Раздался звук, похожий на треск раскалывающегося ледника.
Сердце-Камень не разбился. Он отделился. Словно я перерезал пуповину.
И всё замерло.
Пульсация прекратилась. Багровый свет начал медленно гаснуть. Крик в моей голове стих, сменившись одним последним, долгим, полным облегчения вздохом, который, казалось, выдохнул сам воздух в этом зале.
Егор и Тимофей, два мясных голема, застыли. Их тела начали высыхать, рассыпаться, превращаясь в горстки серой пыли и трухи. Через несколько секунд от них не осталось ничего.
Мама Марта стояла на коленях. Её древнее, поддерживаемое волей Праматери тело, лишившись источника силы, старело на глазах. Кожа обвисла, глаза потухли. Она превратилась в обычную, иссохшую старуху, которая посмотрела на меня с последней искрой ненависти и рухнула замертво.
Дом умирал. Но он не рушился. Стены перестали дышать. Пол затвердел. С потолка перестала капать слизь. Он превращался в то, чем должен был быть всегда. В обычный, мертвый сруб. Процесс мумификации, длившийся века, завершился.
Я подошел к Анисье. Она сидела на полу, прижавшись к стене, и плакала. Тихо, беззвучно. Она плакала не от страха. А от облегчения.
Я протянул ей руку. Она взяла её. И мы вместе вышли из умирающего дома.
Мы не ушли далеко.
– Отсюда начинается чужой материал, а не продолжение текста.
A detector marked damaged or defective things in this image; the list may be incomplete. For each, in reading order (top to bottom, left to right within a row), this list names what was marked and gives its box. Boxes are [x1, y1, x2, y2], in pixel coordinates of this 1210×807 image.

Мы сидели на краю поляны, глядя на избу, которая теперь казалась просто старым, покосившимся домом. Она больше не была живой. Она стала памятником. Памятником великой жертве и великому проклятию.
Я не знал, что будет дальше. Я не мог вернуться в свой мир, к своим чертежам. Та часть меня умерла там, в чреве этого дома. Но здесь, рядом с этой девушкой, которая нашла в себе силы для бунта, я впервые за долгое время не чувствовал себя одиноким.
«Что мы будем делать?» — спросила она, глядя на меня своими огромными, всё ещё полными слёз глазами.
Я посмотрел на дом. Потом на свои руки. Руки архитектора. Руки хирурга.
«Не знаю, — ответил я. — Может, для начала… попробуем его починить. Только на этот раз — правильно».
Она слабо улыбнулась. И в этой улыбке, в тишине, наступившей над этим проклятым местом, я понял, что моя настоящая реконструкция только начинается.